(DATA LISTING):
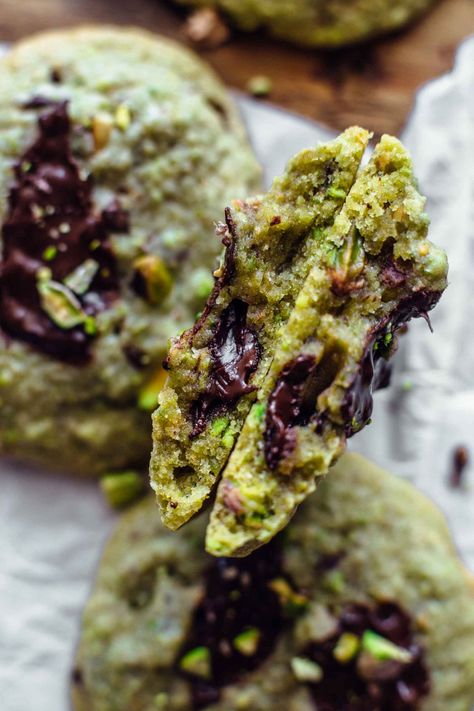 Pistachio Cookies Recipe, Chocolate Pistachio Cookies, Pistachio Recipes, Chocolate Pistachio, Pistachio Cookies, Savoury Cake, How Sweet Eats, Cookies Brownies, Cookies Recipe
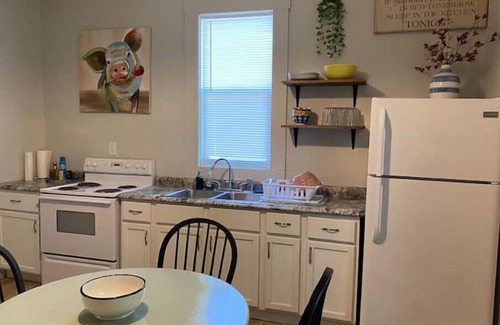 Terre Haute House | Cozy and beautifully renovated!n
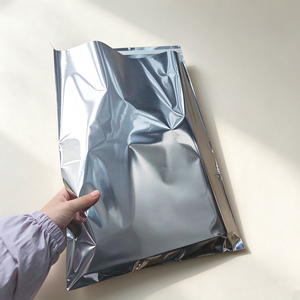 Enveloppes d'expédition en polyéthylène argenté métallisé, imprimées sur mesure avec logo, 14,5 x 19 pouces, brillantes, en feuille d'aluminium, autocollantes - Product Image 2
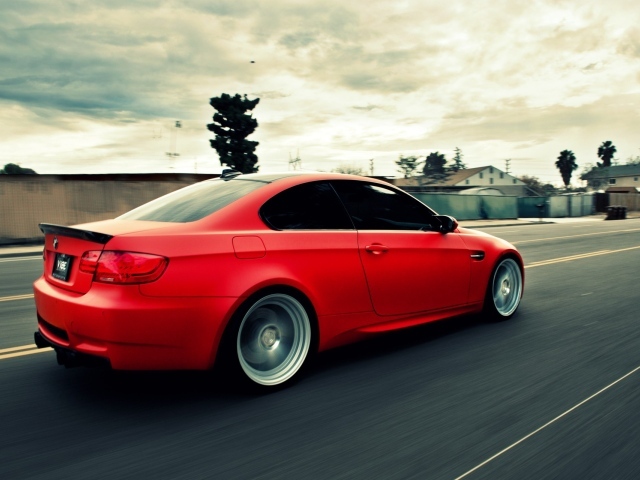 Быстрый красный BMW на шоссе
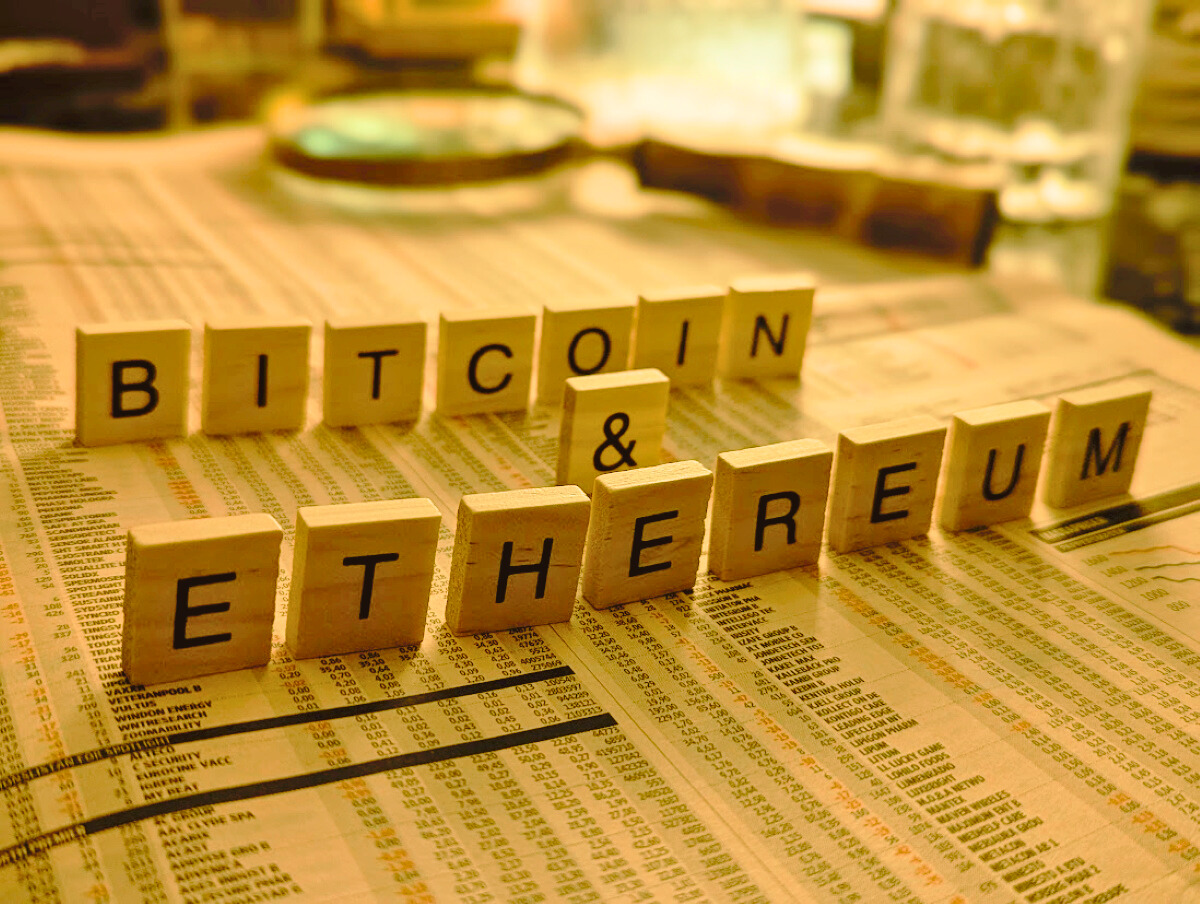 How I Invest in Bitcoin and Ethereum | CREATIVE INCOME REPORT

(EXERCISE PROMPT): For this task, give again exactly the lines from the line with "Enveloppes d'expédition en" through the end of the entries, including both ends, and omit the pictures.

(EXPECTED ANSWER):
 Enveloppes d'expédition en polyéthylène argenté métallisé, imprimées sur mesure avec logo, 14,5 x 19 pouces, brillantes, en feuille d'aluminium, autocollantes - Product Image 2
 Быстрый красный BMW на шоссе
 How I Invest in Bitcoin and Ethereum | CREATIVE INCOME REPORT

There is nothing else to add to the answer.